## Provided records
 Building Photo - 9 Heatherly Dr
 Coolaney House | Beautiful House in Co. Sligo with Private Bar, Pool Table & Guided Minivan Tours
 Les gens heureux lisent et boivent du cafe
==
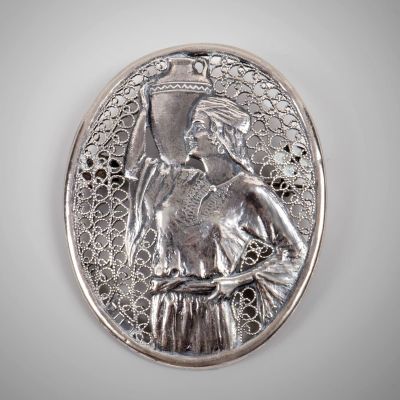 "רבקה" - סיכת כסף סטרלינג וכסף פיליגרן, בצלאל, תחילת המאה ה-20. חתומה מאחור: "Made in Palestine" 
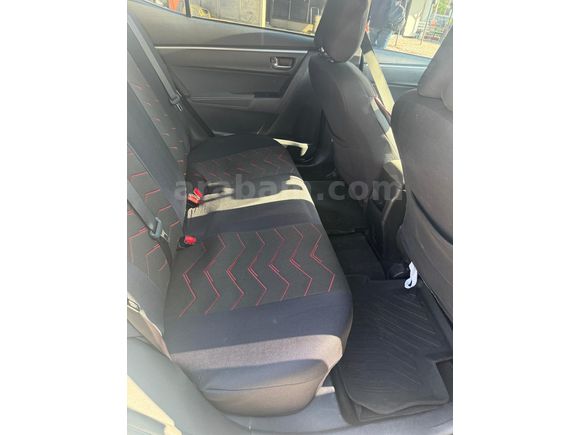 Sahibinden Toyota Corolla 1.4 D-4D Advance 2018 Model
==
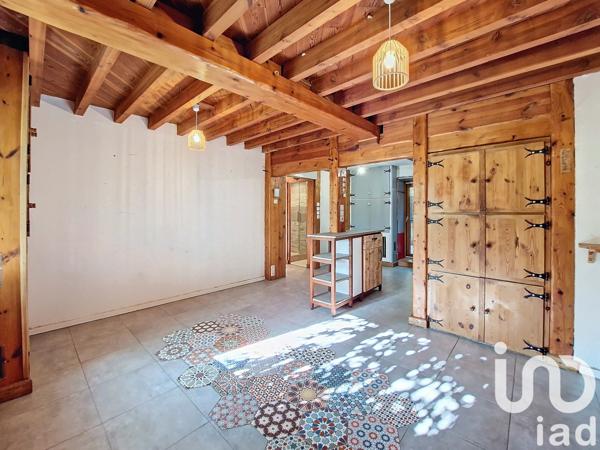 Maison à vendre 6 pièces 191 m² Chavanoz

## Exercise objective
Only the lines above from the line containing "Coolaney House |" through the line containing "Les gens heureux lisent et boivent du cafe" should be retyped, exactly and with both ends included.

## Solution to this exercise
 Coolaney House | Beautiful House in Co. Sligo with Private Bar, Pool Table & Guided Minivan Tours
 Les gens heureux lisent et boivent du cafe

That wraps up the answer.